An Intresting tale my friend Brenden sent me, he got it from The Darwin Awards.
Around 1980, I read of a case regarding a Cricket Field Groundsman who had a personal vendetta against the local Moles. The story was recorded in the Bristol Evening Post Newspaper (UK). My summary runs as follows; These harmless (?) little creatures were constantly upsetting the Groundsman because they rather naturally kept making little heaps of soil on his sacred cricket pitch. Now there are quite a few 'relatively safe' and proven methods of getting rid of Moles, such as using ultrasonic repellents, or placing selected poisons down their holes, etc. But this Groundsman decided to use his own 'appliance of science'. His technique, whether motivated by; i) a blind rage to obliterate his furry friends ii) shear foolishness iii) both was pretty dumb to say the least! The aforesaid, 'appliance of science' consisted of; a) a Gardeners Fork, b) a length of cable, c) a UK Mains Plug, d) a pair of Wellington Boots. The technique was sublimely simple! He connected one end of the Cable to the metal prong end of the Gardeners Fork. The other end he connected, via the plug, to a 240V 50Hz mains outlet. (One could reasonably assume that he must have used a pretty big fuse or a convenient piece of metal such as a nail in order to help prevent the fuse within the plug blowing too easily!). He then commenced to push the fork into the soil in the vicinity of his Mole holes, with the hope that he might 'discharge' some of the little rascals! Whilst the ground was wet, our Darwin 'candidate' deemed himself safe, cos he'd donned his Wellies! Under the circumstances the chances of killing a Mole must be fairly remote. But sadly, the chances of killing oneself was manifestly higher, and of course he did! In the process of his carefully planned attack he electrocuted himself! It is unknown whether the Moles came up to have a look at him afterwards, but it is certain that most of them, if not all, lived longer than the Groundsman did. It can also be safely said that the Moles never bothered him again, so at least his solution worked! Whilst I vouch that this is a true story as recorded in a reputable local paper, the moral of the story must be; 'If there's a Mole in a hole, don't loose control, cos it could be you in a hole'.
This story comes from a book titled "Man Suffocated By Potatoes" by William A. Marsano. (added Feb 19th, 99)

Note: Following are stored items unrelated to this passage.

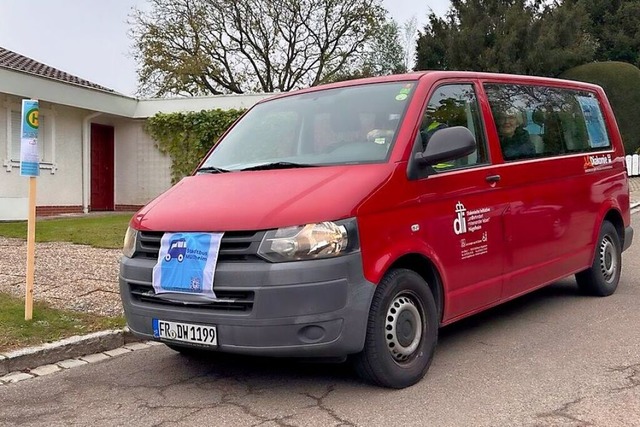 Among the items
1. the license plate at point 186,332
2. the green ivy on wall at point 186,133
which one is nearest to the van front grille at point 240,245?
the license plate at point 186,332

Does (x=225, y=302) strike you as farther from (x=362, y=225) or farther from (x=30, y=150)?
(x=30, y=150)

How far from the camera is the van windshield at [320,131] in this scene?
457 centimetres

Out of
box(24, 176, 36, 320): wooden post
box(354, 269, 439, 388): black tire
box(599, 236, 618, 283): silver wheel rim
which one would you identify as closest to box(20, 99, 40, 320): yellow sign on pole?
box(24, 176, 36, 320): wooden post

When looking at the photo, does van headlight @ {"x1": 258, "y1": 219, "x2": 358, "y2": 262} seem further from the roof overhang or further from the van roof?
the roof overhang

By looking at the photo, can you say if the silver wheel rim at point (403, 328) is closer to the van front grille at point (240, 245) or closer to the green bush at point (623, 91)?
the van front grille at point (240, 245)

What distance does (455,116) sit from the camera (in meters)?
4.96

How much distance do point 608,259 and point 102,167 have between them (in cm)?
1498

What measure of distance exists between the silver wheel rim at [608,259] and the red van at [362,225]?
81 centimetres

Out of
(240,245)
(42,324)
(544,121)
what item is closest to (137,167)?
(42,324)

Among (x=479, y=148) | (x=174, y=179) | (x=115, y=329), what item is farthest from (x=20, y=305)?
(x=174, y=179)

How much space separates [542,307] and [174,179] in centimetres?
1347

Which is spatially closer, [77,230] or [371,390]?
[371,390]

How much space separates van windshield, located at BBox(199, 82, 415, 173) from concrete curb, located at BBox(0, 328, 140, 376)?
1.57 metres

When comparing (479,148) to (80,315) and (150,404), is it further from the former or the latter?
(80,315)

An English home owner wasat his wits' end in his long and unsuccessful war against the mole that had been burrowing unsightly tunnels throughout his property. Enough with traps and poisons-he planned to go mano a mano with the mole. Moles are nocturnal animals, so he drove he drove his Jaguar onto the lawn to hunt the mole down with the aid of the headlights. The car stalled, and when he got it started again, it lurched into gear out of control. Onward it rolled, the driver trapped inside, until it crashed into his house. The cars fuel tank ruptured and burst into flames, which quickly reached the house and burned it to the ground.
He couldn't even phone for help-the telephone cable was burned through before he call the fire department. "I was lucky to get out alive," he said, "I still want to see that mole dead."